In a video recorded just before his death, Applewhite appeared wild-eyed with excitement as he spoke of the group’s ‘final exit’.
Other members also filmed farewell messages – many praising Applewhite – before killing themselves four at a time over a period of three days.



Manson Family
Charles Manson’s ‘Family’ cult murdered seven wealthy black and white Americans in 1969 in a bid to trigger an apocolyptic race war.
Among their victims was film director Roman Polanski's wife Sharon Tate, who was eight and a half months pregnant when she was stabbed 14 times in a frenzied attack.
The charismatic ex-convict persuaded his mostly female followers – including Patty Krenwinkel, ‘Sexy’ Sadie Atkins, Leslie Van Houten and Linda Kasabian – to kill in order to ‘show blacks how to do it’.
Manson, 78, who later carved a swastika on his forehead while in jail, believed that in a race war, blacks would exterminate whites but be incapable of running the world.
The all-white Manson Family, meanwhile, would hide under the desert and then be on hand to rule when the slaughter was over.
Manson, who said he was inspired by the Beatles White Album – feeling that it spoke to him directly - and named his race war concept after one of its songs, Helter Skelter.
During a 1970 trial, Kasabian was granted immunity after she became the main witness against Manson, Krenwinkel, Atkins, Van Houten, Tex Watson and Steve Grogan.
All, except Grogan, remain in prison after being given life sentences.


Branch Davidians
In 1993 leader David Koresh and 73 Brand Davidian followers died in an inferno at their ranch in Waco, Texas after a 51-day siege.
Koresh, who was named Vernon Wayne Howell at birth, believed he was the final prophet and claimed humanity faced an immanent apocalypse.
He had several ‘spiritual’ wives, including a 13-year-old, and faced allegations of child abuse.
The 33-year-old is also understood to have fathered at least a dozen children with members.
Yet the siege, which resulted in the deaths of 22 minors, remains controversial due to allegations that federal authorities overstepped their power and engaged in a cover-up.
It started when the Bureau of Alcohol, Tobacco and Firearms tried to raid the ranch in a bid to seize illegal weapons.
But in the ensuing melee, one agent was killed and another wounded.
The FBI took over and, 51 days later, attempted to storm the building again after it was decided that negotiations had failed.

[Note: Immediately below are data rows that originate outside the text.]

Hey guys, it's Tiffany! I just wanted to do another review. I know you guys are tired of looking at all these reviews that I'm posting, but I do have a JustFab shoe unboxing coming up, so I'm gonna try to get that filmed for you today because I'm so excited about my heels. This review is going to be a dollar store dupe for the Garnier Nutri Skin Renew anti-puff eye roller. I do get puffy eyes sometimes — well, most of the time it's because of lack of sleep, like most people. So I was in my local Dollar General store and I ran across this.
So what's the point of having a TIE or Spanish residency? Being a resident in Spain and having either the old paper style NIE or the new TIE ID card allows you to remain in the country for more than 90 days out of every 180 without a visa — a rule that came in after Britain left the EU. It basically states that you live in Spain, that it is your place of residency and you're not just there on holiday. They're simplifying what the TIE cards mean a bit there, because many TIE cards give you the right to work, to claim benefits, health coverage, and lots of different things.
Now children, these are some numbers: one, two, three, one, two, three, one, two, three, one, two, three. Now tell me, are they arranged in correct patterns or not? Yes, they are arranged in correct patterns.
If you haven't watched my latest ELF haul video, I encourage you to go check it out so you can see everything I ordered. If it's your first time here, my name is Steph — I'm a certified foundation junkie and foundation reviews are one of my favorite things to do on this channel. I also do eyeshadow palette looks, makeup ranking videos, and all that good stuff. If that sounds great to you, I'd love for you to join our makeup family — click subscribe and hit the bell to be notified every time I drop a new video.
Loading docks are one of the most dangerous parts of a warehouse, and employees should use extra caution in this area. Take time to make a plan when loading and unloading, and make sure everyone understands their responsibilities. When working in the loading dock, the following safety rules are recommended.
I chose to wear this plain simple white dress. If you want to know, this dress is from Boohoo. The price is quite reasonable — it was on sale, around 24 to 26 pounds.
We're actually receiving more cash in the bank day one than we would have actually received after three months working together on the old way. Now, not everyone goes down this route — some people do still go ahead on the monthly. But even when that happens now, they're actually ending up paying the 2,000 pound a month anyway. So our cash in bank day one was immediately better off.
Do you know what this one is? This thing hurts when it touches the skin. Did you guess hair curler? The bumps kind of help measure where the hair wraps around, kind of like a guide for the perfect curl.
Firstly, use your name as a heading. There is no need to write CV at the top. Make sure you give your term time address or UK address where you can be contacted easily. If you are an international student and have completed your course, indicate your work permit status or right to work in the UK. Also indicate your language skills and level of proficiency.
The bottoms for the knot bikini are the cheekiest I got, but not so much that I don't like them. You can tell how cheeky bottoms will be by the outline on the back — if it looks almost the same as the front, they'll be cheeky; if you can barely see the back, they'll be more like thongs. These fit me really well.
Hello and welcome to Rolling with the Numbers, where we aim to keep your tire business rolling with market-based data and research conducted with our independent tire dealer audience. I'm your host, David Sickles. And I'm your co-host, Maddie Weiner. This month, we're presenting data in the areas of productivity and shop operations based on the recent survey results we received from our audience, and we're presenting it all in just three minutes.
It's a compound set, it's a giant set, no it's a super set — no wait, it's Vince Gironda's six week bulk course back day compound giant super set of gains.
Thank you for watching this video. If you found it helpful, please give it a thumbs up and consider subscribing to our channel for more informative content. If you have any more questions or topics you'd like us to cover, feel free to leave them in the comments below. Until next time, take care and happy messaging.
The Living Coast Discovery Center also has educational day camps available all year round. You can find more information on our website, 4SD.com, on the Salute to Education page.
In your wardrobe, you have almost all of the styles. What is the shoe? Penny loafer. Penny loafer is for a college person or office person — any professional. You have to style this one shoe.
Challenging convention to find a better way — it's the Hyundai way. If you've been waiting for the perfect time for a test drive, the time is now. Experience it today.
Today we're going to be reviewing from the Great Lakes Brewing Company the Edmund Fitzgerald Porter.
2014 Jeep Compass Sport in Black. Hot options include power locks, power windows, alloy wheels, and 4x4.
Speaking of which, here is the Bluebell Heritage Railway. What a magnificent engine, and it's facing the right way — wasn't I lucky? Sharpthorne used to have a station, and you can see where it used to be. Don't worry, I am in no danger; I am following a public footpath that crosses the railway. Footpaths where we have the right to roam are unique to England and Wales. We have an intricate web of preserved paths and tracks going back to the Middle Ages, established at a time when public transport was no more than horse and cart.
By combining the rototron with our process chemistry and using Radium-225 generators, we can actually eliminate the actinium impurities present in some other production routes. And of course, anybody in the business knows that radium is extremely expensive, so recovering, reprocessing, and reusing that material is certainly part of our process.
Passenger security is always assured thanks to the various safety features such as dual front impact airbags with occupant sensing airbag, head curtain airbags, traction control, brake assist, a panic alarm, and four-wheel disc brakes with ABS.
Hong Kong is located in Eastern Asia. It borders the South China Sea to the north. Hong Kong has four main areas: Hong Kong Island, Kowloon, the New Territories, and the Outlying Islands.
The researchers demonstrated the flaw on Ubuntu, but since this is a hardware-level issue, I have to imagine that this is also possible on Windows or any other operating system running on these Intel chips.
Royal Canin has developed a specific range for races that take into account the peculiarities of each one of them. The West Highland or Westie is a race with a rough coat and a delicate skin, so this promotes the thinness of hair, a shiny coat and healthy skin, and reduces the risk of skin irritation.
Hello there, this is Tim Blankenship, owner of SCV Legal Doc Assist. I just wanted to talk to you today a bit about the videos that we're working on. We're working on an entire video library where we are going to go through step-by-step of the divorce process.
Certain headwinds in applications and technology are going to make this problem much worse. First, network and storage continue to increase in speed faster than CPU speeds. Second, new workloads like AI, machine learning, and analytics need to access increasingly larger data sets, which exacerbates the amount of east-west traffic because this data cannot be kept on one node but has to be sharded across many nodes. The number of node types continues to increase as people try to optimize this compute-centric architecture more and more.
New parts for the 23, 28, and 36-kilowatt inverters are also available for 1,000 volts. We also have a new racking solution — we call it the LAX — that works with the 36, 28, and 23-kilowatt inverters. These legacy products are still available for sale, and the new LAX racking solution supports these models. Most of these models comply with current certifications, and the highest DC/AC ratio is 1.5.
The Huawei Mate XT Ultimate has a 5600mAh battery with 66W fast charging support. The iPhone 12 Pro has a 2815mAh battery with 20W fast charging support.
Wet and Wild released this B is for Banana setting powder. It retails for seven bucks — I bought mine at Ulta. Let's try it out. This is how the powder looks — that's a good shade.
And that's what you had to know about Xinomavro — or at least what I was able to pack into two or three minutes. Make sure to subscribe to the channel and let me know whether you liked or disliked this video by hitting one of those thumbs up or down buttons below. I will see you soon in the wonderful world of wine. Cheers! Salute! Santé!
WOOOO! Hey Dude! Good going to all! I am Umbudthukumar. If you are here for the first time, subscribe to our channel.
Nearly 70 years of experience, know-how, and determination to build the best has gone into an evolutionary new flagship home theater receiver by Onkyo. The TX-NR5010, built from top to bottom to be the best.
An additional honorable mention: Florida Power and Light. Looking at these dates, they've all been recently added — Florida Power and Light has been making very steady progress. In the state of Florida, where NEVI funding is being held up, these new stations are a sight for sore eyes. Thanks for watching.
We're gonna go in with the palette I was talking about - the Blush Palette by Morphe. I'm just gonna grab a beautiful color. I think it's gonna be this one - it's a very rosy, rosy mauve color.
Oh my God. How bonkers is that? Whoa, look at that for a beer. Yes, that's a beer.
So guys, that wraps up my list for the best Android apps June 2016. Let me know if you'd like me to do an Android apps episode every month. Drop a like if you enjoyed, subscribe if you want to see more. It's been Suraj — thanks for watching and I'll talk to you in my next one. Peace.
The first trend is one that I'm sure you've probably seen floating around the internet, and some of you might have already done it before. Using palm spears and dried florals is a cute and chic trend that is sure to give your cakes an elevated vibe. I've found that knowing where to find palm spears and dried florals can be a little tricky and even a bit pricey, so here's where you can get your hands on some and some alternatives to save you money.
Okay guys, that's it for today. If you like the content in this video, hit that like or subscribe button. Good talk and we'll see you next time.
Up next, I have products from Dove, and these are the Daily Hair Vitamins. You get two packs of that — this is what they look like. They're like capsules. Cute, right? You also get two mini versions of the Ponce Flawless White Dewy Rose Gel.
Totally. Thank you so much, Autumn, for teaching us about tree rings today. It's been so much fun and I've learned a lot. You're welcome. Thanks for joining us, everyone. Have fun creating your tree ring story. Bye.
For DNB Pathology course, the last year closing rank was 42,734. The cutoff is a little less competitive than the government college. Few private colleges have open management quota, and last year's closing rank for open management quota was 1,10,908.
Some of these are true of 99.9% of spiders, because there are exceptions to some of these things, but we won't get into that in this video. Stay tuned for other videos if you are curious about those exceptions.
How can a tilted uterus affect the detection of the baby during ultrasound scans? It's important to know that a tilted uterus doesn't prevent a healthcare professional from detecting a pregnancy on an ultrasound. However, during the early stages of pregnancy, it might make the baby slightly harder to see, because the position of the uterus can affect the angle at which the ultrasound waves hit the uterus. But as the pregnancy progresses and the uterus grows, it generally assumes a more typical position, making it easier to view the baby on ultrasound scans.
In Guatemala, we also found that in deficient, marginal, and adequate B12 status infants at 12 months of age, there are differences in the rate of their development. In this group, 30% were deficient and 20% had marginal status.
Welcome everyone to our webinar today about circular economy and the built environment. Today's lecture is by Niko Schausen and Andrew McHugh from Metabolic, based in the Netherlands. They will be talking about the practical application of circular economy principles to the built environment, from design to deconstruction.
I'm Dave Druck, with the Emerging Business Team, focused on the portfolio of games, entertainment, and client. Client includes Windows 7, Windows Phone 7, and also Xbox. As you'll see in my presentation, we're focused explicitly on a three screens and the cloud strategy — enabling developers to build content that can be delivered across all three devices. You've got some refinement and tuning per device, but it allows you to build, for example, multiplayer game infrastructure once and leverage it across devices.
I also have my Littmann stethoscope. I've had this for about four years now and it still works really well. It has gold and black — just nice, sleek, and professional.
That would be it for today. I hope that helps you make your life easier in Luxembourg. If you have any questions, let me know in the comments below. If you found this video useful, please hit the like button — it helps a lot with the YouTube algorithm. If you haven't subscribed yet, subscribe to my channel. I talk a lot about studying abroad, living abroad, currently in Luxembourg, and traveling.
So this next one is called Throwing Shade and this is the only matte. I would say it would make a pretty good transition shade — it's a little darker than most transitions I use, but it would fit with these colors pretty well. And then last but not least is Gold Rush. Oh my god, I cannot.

During the assault on April 19, a fire was started – which an official report claims was ignited by Branch Davidians – and killed the majority of the cult members inside.
Koresh, however, is understood to have been shot dead by his aide, Steve Schneider, who “probably realised he was dealing with a fraud", according to the FBI.
The siege inspired terrorist Timothy McVeigh to kill 168 people after detonating a bomb outside a federal building in Oklahoma City exactly two years later.